◆ Task instructions: Each line from the top of the listing through the one holding "To wear the" should be restated word for word, with nothing added and no pictures.

◆ Material provided:
====================
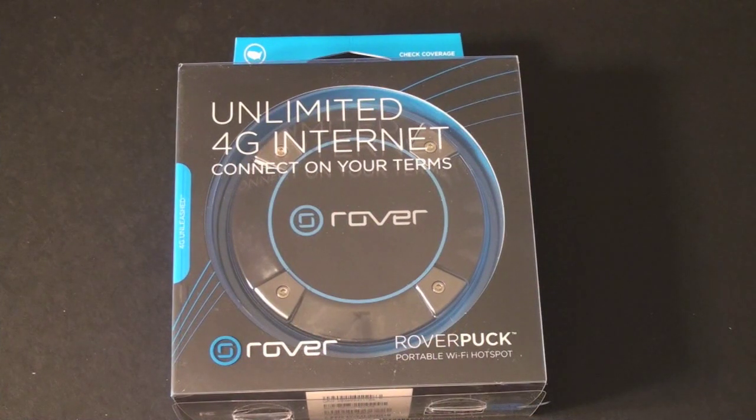Let me give you a bit of background on what this is. This Rover Puck is the pay-as-you-go option of Clearwire, the folks who have built and maintained the WiMAX network used here in the US, which Sprint actually uses for their 4G services.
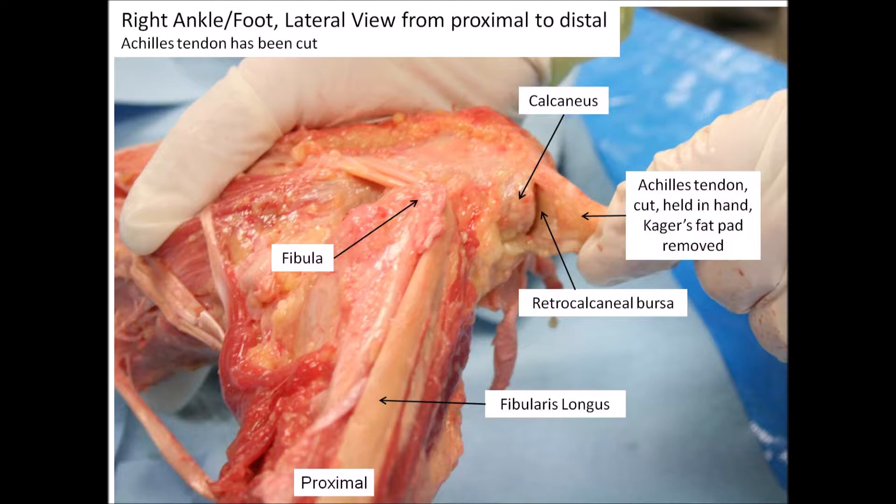This photograph is a dissection, and in this photo I wanted to point out the space where the retrocalcaneal bursa would be located. I'm holding the Achilles tendon in my right hand, and Kager's fat pad has been removed. You might be able to see a little bit of fat remaining, but notice that the Achilles tendon isn't attached to the most superior part of the calcaneus.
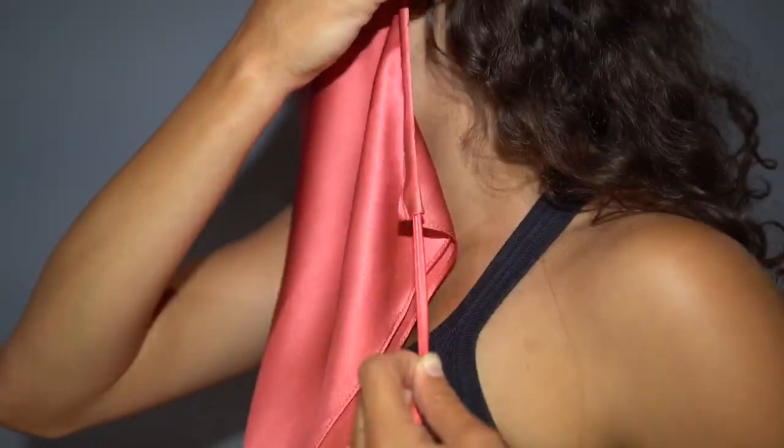To wear the face covering, place top loop above the ears and rouge the side tunnels. Drawstrings can be left untied or tied around the neck.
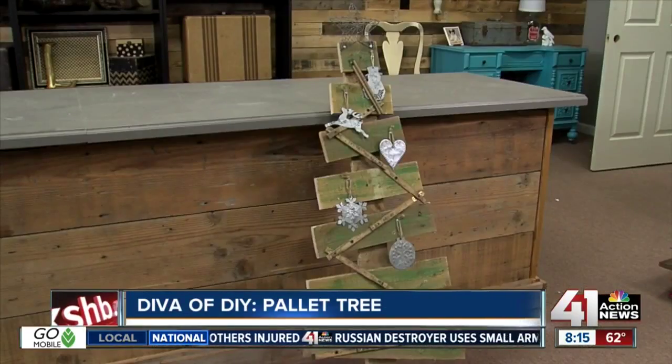Hi everyone, I'm Leanne Lee from Diva of DIY.com, and you all know how much I love palette projects. Last month it was a turkey, this month it's a Christmas tree.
====================
◆ Result below:
Let me give you a bit of background on what this is. This Rover Puck is the pay-as-you-go option of Clearwire, the folks who have built and maintained the WiMAX network used here in the US, which Sprint actually uses for their 4G services.
This photograph is a dissection, and in this photo I wanted to point out the space where the retrocalcaneal bursa would be located. I'm holding the Achilles tendon in my right hand, and Kager's fat pad has been removed. You might be able to see a little bit of fat remaining, but notice that the Achilles tendon isn't attached to the most superior part of the calcaneus.
To wear the face covering, place top loop above the ears and rouge the side tunnels. Drawstrings can be left untied or tied around the neck.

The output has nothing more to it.